Stored records
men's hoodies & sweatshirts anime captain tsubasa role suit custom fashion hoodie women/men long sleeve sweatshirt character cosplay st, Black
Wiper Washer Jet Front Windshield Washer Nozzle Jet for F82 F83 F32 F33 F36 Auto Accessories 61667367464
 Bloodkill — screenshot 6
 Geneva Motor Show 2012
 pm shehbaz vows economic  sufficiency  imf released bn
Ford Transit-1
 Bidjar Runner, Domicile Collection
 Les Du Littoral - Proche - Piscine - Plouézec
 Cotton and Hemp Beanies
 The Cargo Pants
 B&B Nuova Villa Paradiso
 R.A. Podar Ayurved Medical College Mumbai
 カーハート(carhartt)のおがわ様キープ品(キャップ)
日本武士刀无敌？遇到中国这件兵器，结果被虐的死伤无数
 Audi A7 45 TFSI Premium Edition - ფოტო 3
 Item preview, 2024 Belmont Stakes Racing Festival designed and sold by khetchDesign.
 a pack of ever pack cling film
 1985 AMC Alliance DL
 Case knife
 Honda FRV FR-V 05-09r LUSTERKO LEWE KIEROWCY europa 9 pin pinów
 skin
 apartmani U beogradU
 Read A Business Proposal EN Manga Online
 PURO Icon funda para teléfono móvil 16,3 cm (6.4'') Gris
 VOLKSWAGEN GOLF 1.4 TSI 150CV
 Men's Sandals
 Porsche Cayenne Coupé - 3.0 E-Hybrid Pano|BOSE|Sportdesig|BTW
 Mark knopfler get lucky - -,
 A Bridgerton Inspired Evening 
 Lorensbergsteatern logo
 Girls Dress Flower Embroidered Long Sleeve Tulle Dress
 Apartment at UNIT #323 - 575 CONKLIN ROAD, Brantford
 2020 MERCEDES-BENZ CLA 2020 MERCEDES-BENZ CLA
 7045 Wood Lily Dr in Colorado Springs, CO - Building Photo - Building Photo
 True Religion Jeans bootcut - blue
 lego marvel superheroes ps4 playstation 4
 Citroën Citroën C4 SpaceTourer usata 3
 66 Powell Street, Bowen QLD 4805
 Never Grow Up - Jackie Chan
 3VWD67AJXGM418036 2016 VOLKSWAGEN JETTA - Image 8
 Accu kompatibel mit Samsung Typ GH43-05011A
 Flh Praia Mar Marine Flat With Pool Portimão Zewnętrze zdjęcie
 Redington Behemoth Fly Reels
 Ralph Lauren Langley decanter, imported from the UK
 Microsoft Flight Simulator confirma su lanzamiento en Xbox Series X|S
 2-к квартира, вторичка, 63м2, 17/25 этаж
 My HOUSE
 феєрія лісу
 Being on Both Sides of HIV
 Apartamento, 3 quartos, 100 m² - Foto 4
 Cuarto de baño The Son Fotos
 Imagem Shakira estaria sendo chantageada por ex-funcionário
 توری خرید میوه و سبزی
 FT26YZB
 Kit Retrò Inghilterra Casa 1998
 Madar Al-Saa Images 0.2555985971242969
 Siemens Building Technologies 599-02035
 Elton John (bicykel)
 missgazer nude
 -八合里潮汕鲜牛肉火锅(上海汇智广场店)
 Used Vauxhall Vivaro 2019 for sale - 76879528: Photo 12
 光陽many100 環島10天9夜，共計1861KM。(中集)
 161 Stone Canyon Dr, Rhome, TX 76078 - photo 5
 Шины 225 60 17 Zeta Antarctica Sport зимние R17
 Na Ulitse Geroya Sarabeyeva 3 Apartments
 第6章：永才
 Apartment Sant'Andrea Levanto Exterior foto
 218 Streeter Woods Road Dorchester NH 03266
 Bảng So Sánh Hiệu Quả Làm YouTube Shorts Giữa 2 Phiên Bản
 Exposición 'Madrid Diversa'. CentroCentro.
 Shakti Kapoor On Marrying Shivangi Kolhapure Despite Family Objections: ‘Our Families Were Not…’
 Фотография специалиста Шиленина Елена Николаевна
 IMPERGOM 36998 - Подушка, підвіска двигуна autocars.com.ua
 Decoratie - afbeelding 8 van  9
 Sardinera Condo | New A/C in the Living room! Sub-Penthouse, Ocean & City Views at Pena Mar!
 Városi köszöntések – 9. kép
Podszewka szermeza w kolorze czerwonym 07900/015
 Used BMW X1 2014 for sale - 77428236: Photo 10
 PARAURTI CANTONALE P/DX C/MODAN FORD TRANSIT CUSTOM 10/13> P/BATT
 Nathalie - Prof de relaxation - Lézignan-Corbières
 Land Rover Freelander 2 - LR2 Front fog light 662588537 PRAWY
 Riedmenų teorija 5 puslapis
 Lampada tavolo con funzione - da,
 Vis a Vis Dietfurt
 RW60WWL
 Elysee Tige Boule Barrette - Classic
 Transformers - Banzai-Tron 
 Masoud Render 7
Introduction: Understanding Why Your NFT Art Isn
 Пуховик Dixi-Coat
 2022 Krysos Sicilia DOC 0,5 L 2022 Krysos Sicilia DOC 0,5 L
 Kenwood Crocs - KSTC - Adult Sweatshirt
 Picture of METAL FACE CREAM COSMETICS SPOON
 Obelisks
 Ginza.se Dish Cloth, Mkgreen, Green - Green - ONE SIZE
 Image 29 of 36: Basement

▶ **Directions for this task**: Write every record out again exactly.

▶ **Result for this exercise**:
men's hoodies & sweatshirts anime captain tsubasa role suit custom fashion hoodie women/men long sleeve sweatshirt character cosplay st, Black
Wiper Washer Jet Front Windshield Washer Nozzle Jet for F82 F83 F32 F33 F36 Auto Accessories 61667367464
 Bloodkill — screenshot 6
 Geneva Motor Show 2012
 pm shehbaz vows economic  sufficiency  imf released bn
Ford Transit-1
 Bidjar Runner, Domicile Collection
 Les Du Littoral - Proche - Piscine - Plouézec
 Cotton and Hemp Beanies
 The Cargo Pants
 B&B Nuova Villa Paradiso
 R.A. Podar Ayurved Medical College Mumbai
 カーハート(carhartt)のおがわ様キープ品(キャップ)
日本武士刀无敌？遇到中国这件兵器，结果被虐的死伤无数
 Audi A7 45 TFSI Premium Edition - ფოტო 3
 Item preview, 2024 Belmont Stakes Racing Festival designed and sold by khetchDesign.
 a pack of ever pack cling film
 1985 AMC Alliance DL
 Case knife
 Honda FRV FR-V 05-09r LUSTERKO LEWE KIEROWCY europa 9 pin pinów
 skin
 apartmani U beogradU
 Read A Business Proposal EN Manga Online
 PURO Icon funda para teléfono móvil 16,3 cm (6.4'') Gris
 VOLKSWAGEN GOLF 1.4 TSI 150CV
 Men's Sandals
 Porsche Cayenne Coupé - 3.0 E-Hybrid Pano|BOSE|Sportdesig|BTW
 Mark knopfler get lucky - -,
 A Bridgerton Inspired Evening 
 Lorensbergsteatern logo
 Girls Dress Flower Embroidered Long Sleeve Tulle Dress
 Apartment at UNIT #323 - 575 CONKLIN ROAD, Brantford
 2020 MERCEDES-BENZ CLA 2020 MERCEDES-BENZ CLA
 7045 Wood Lily Dr in Colorado Springs, CO - Building Photo - Building Photo
 True Religion Jeans bootcut - blue
 lego marvel superheroes ps4 playstation 4
 Citroën Citroën C4 SpaceTourer usata 3
 66 Powell Street, Bowen QLD 4805
 Never Grow Up - Jackie Chan
 3VWD67AJXGM418036 2016 VOLKSWAGEN JETTA - Image 8
 Accu kompatibel mit Samsung Typ GH43-05011A
 Flh Praia Mar Marine Flat With Pool Portimão Zewnętrze zdjęcie
 Redington Behemoth Fly Reels
 Ralph Lauren Langley decanter, imported from the UK
 Microsoft Flight Simulator confirma su lanzamiento en Xbox Series X|S
 2-к квартира, вторичка, 63м2, 17/25 этаж
 My HOUSE
 феєрія лісу
 Being on Both Sides of HIV
 Apartamento, 3 quartos, 100 m² - Foto 4
 Cuarto de baño The Son Fotos
 Imagem Shakira estaria sendo chantageada por ex-funcionário
 توری خرید میوه و سبزی
 FT26YZB
 Kit Retrò Inghilterra Casa 1998
 Madar Al-Saa Images 0.2555985971242969
 Siemens Building Technologies 599-02035
 Elton John (bicykel)
 missgazer nude
 -八合里潮汕鲜牛肉火锅(上海汇智广场店)
 Used Vauxhall Vivaro 2019 for sale - 76879528: Photo 12
 光陽many100 環島10天9夜，共計1861KM。(中集)
 161 Stone Canyon Dr, Rhome, TX 76078 - photo 5
 Шины 225 60 17 Zeta Antarctica Sport зимние R17
 Na Ulitse Geroya Sarabeyeva 3 Apartments
 第6章：永才
 Apartment Sant'Andrea Levanto Exterior foto
 218 Streeter Woods Road Dorchester NH 03266
 Bảng So Sánh Hiệu Quả Làm YouTube Shorts Giữa 2 Phiên Bản
 Exposición 'Madrid Diversa'. CentroCentro.
 Shakti Kapoor On Marrying Shivangi Kolhapure Despite Family Objections: ‘Our Families Were Not…’
 Фотография специалиста Шиленина Елена Николаевна
 IMPERGOM 36998 - Подушка, підвіска двигуна autocars.com.ua
 Decoratie - afbeelding 8 van  9
 Sardinera Condo | New A/C in the Living room! Sub-Penthouse, Ocean & City Views at Pena Mar!
 Városi köszöntések – 9. kép
Podszewka szermeza w kolorze czerwonym 07900/015
 Used BMW X1 2014 for sale - 77428236: Photo 10
 PARAURTI CANTONALE P/DX C/MODAN FORD TRANSIT CUSTOM 10/13> P/BATT
 Nathalie - Prof de relaxation - Lézignan-Corbières
 Land Rover Freelander 2 - LR2 Front fog light 662588537 PRAWY
 Riedmenų teorija 5 puslapis
 Lampada tavolo con funzione - da,
 Vis a Vis Dietfurt
 RW60WWL
 Elysee Tige Boule Barrette - Classic
 Transformers - Banzai-Tron 
 Masoud Render 7
Introduction: Understanding Why Your NFT Art Isn
 Пуховик Dixi-Coat
 2022 Krysos Sicilia DOC 0,5 L 2022 Krysos Sicilia DOC 0,5 L
 Kenwood Crocs - KSTC - Adult Sweatshirt
 Picture of METAL FACE CREAM COSMETICS SPOON
 Obelisks
 Ginza.se Dish Cloth, Mkgreen, Green - Green - ONE SIZE
 Image 29 of 36: Basement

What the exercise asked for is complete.